* PROBLEM STATEMENT *
In this exercise, the entries below include pictures. Repeat exactly the lines from the line with "this 970×647 image." to the line with "this 300×186 image.", including both, but without the pictures.
(Beginning of EXERCISE DATA)
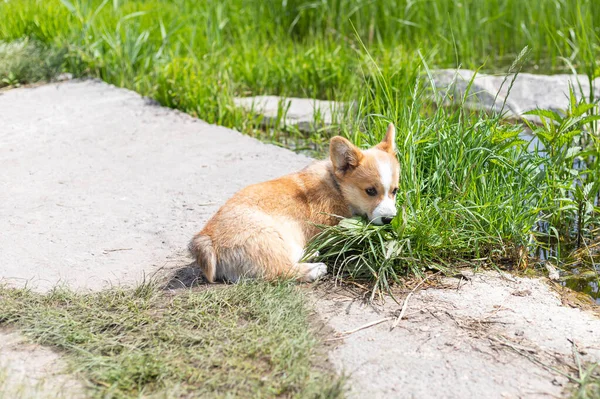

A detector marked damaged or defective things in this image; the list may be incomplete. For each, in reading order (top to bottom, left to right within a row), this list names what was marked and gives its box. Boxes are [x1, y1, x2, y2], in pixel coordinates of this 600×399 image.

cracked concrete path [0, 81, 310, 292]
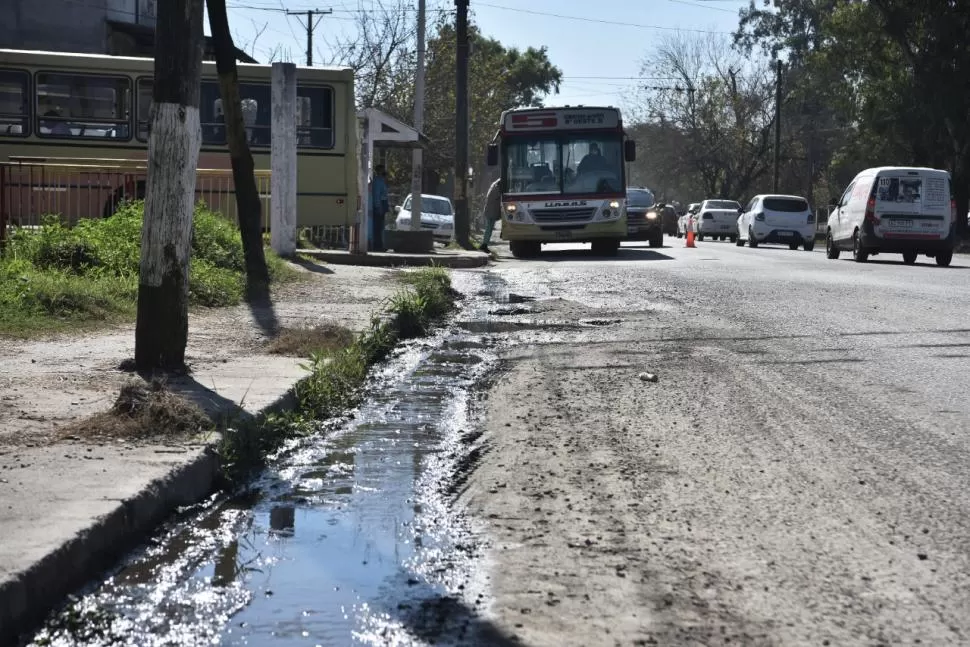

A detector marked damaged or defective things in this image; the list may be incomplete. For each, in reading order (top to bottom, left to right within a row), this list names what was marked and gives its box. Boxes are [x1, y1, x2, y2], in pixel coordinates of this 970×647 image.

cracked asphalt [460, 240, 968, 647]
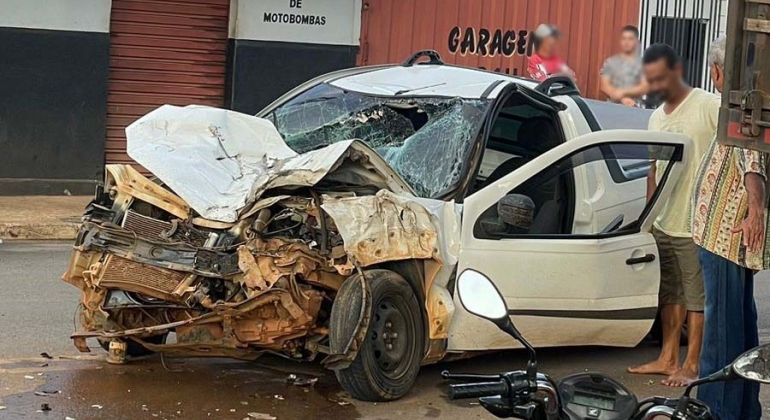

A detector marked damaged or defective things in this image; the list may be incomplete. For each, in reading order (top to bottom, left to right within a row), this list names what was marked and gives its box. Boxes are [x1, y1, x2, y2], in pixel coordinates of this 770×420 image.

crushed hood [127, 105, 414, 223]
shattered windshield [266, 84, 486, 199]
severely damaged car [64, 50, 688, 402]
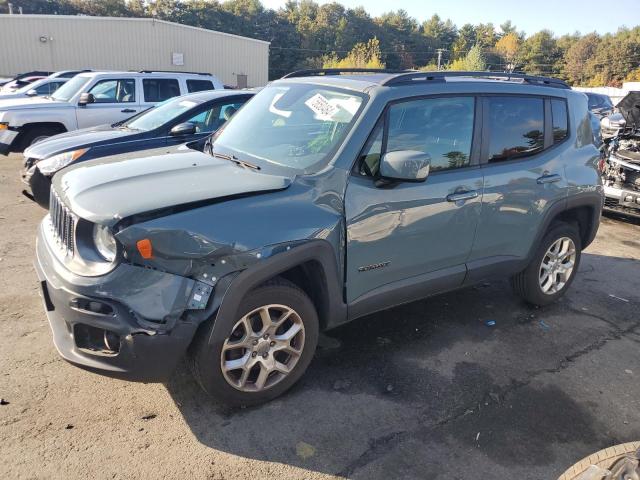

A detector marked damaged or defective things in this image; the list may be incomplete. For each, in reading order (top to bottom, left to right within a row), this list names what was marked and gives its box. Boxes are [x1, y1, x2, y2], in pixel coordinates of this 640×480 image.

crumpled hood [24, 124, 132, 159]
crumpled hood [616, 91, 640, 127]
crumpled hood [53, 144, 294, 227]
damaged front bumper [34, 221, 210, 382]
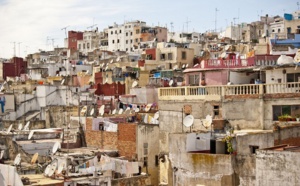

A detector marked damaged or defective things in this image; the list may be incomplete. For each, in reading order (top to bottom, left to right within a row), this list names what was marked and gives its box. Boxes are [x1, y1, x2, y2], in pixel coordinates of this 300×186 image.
(End of EXERCISE DATA)
(Beginning of EXERCISE DATA)
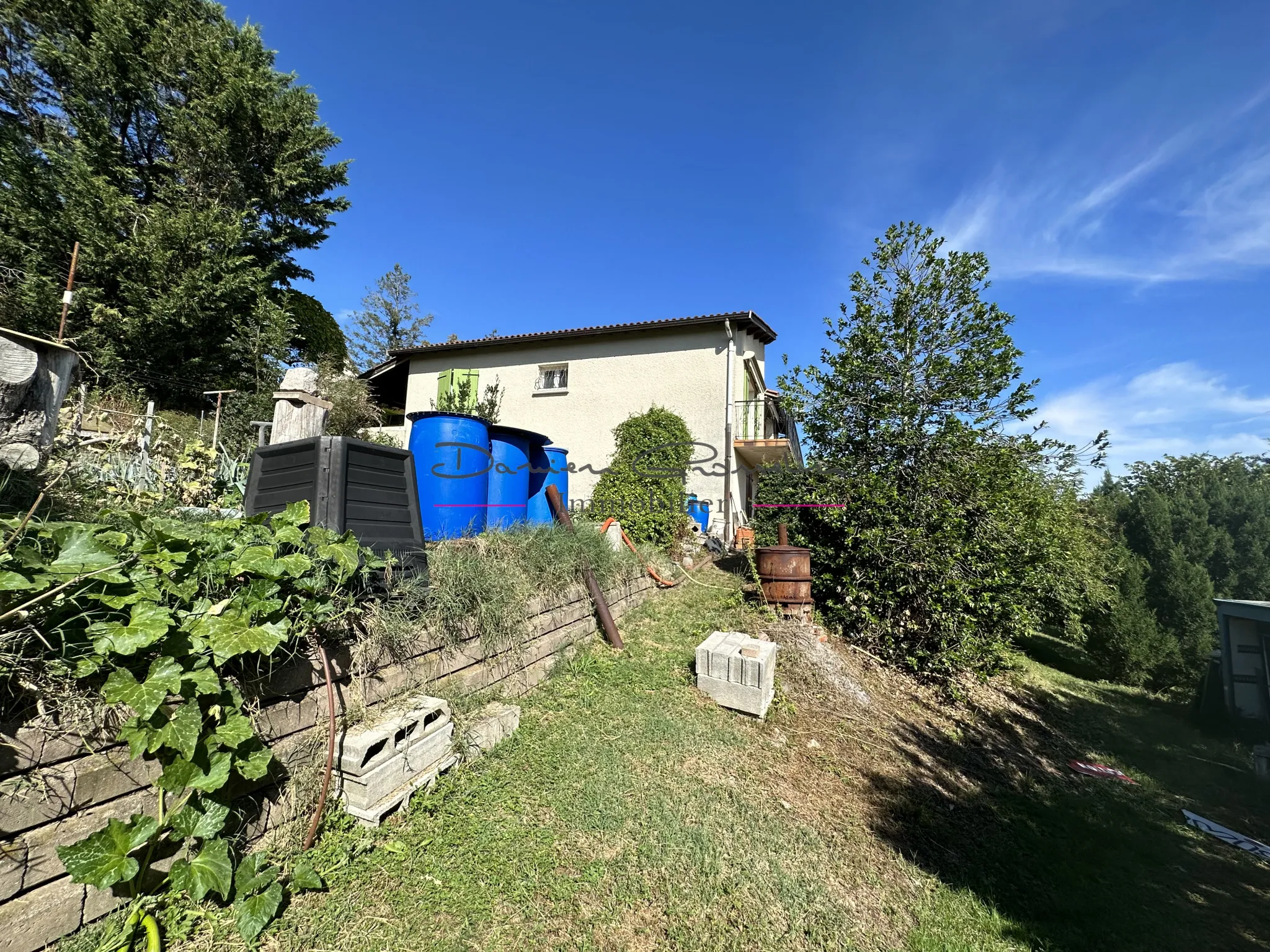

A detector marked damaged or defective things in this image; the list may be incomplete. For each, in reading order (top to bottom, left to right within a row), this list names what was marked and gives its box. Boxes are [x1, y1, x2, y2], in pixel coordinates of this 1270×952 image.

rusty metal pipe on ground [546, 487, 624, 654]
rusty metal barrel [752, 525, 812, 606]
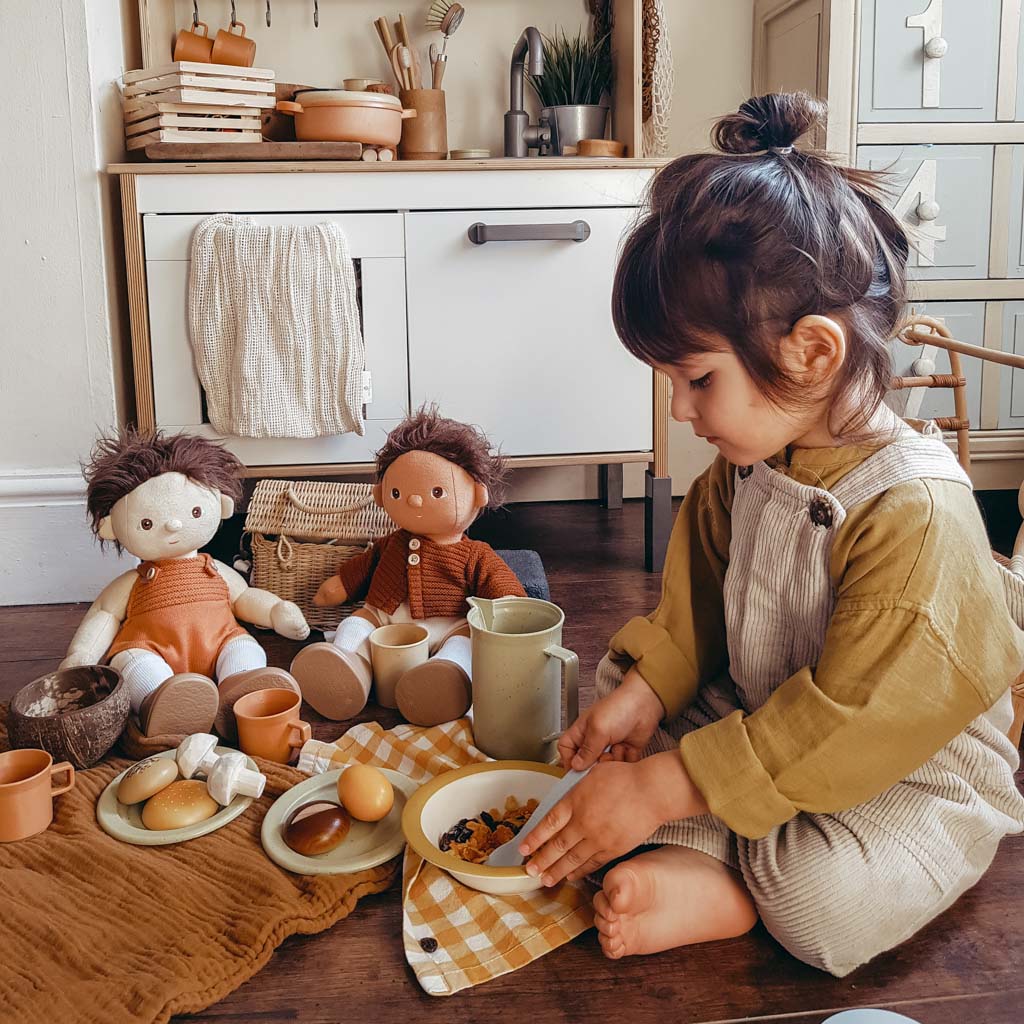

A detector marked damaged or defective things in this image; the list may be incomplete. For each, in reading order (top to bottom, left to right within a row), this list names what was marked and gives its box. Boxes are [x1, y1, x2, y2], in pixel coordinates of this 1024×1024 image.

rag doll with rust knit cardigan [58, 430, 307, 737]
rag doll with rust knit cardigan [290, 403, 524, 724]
(End of EXERCISE DATA)
(Beginning of EXERCISE DATA)
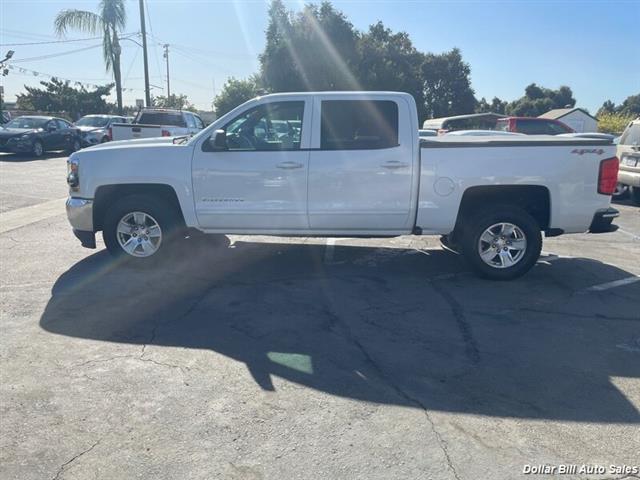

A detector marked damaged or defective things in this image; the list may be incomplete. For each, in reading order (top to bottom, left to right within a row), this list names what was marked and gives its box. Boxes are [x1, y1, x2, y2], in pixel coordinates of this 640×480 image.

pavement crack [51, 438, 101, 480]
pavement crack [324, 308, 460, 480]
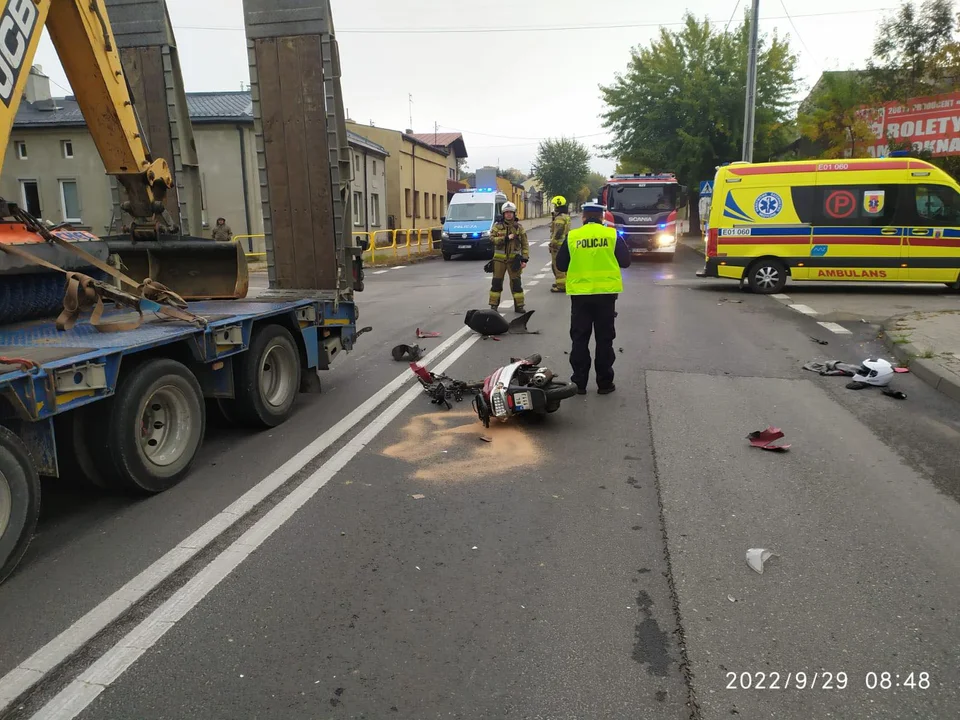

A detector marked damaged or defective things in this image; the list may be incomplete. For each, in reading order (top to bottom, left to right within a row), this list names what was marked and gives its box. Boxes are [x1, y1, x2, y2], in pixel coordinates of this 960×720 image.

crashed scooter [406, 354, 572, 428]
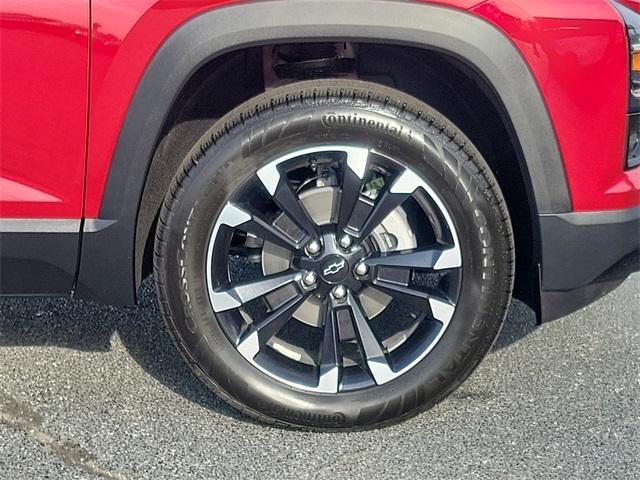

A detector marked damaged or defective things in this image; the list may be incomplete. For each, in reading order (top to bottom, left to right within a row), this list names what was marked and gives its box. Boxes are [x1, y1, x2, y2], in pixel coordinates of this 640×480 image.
(End of EXERCISE DATA)
* ANSWER FOR THIS EXERCISE *
A detector marked damaged or defective things in this image; the list may be incomplete. For each, in reading order (top to bottom, left to right within a row), this list names what was marked and gives its box. Boxes are [x1, y1, x2, y2], in pixel coordinates of this 970×647 image.

cracked asphalt [460, 240, 968, 647]

A detector marked damaged or defective things in this image; the list may be incomplete. For each, in reading order (top to bottom, left to right within a row), this list names what was marked and gives its box. Boxes are [x1, y1, x2, y2], in pixel coordinates of this 770×420 image.

crushed hood [127, 105, 414, 223]
shattered windshield [266, 84, 486, 199]
severely damaged car [64, 50, 688, 402]

A detector marked damaged or defective things in this image; the list may be incomplete. For each, in reading order (top to bottom, left to right within a row), this list names what was marked and gives its box. Boxes are [x1, y1, x2, y2], in pixel coordinates of this 640×480 image.

crumpled hood [24, 124, 132, 159]
crumpled hood [616, 91, 640, 127]
crumpled hood [53, 144, 294, 227]
damaged front bumper [34, 221, 210, 382]

A detector marked damaged or defective things in this image; the list may be incomplete. For each, in reading order (top to bottom, left to right within a row), this list names what was marked and gives its box. Boxes are [x1, y1, x2, y2], in pixel coordinates of this 300×186 image.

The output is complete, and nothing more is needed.